Your assignment: From the entries below, return every line that includes the word "with".

Records to use:
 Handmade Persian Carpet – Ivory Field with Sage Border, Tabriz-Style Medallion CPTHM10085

--

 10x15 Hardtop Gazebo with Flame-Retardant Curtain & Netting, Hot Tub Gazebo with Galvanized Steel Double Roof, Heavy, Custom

...

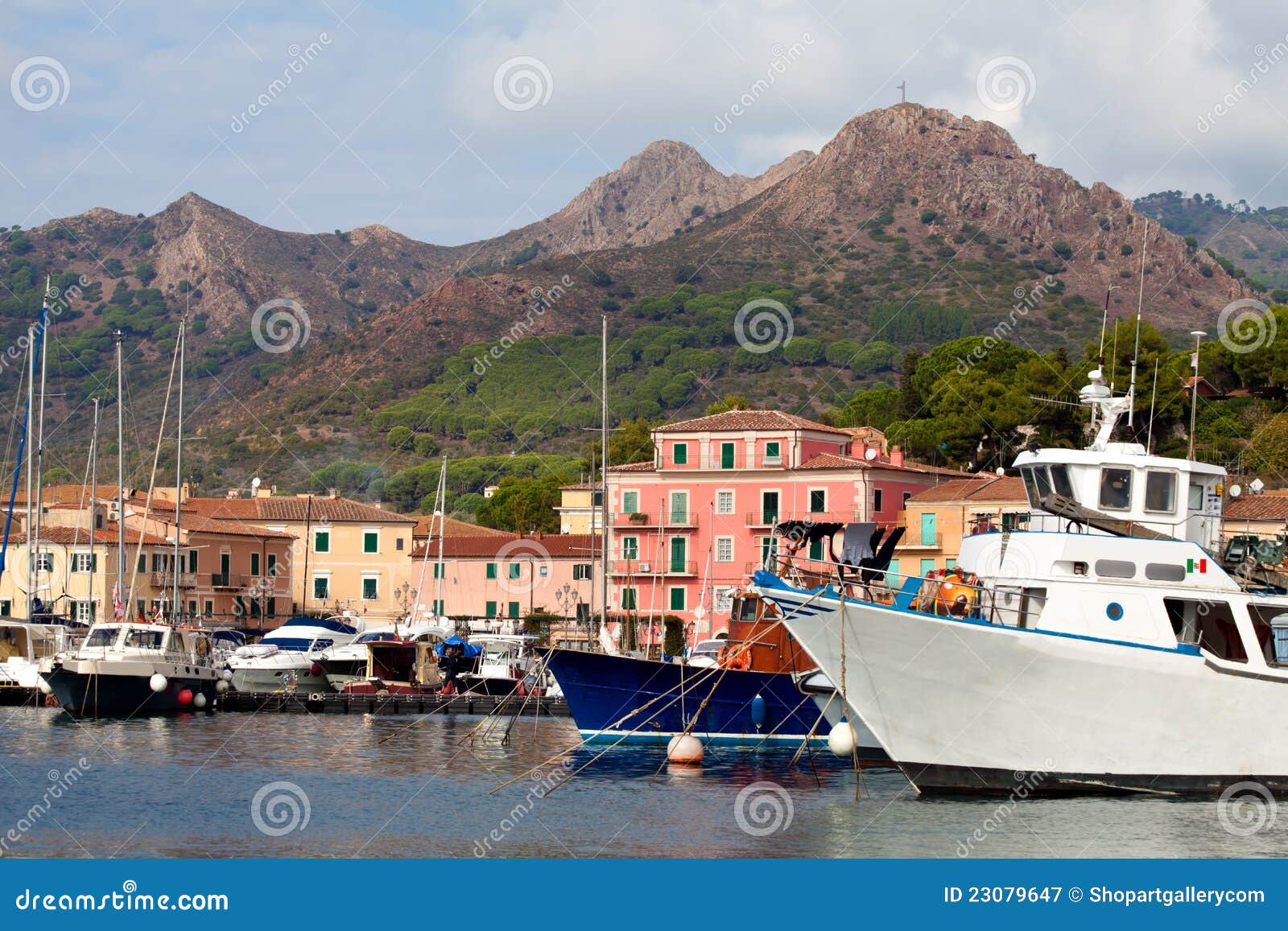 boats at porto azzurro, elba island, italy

Task output:
 Handmade Persian Carpet – Ivory Field with Sage Border, Tabriz-Style Medallion CPTHM10085
 10x15 Hardtop Gazebo with Flame-Retardant Curtain & Netting, Hot Tub Gazebo with Galvanized Steel Double Roof, Heavy, Custom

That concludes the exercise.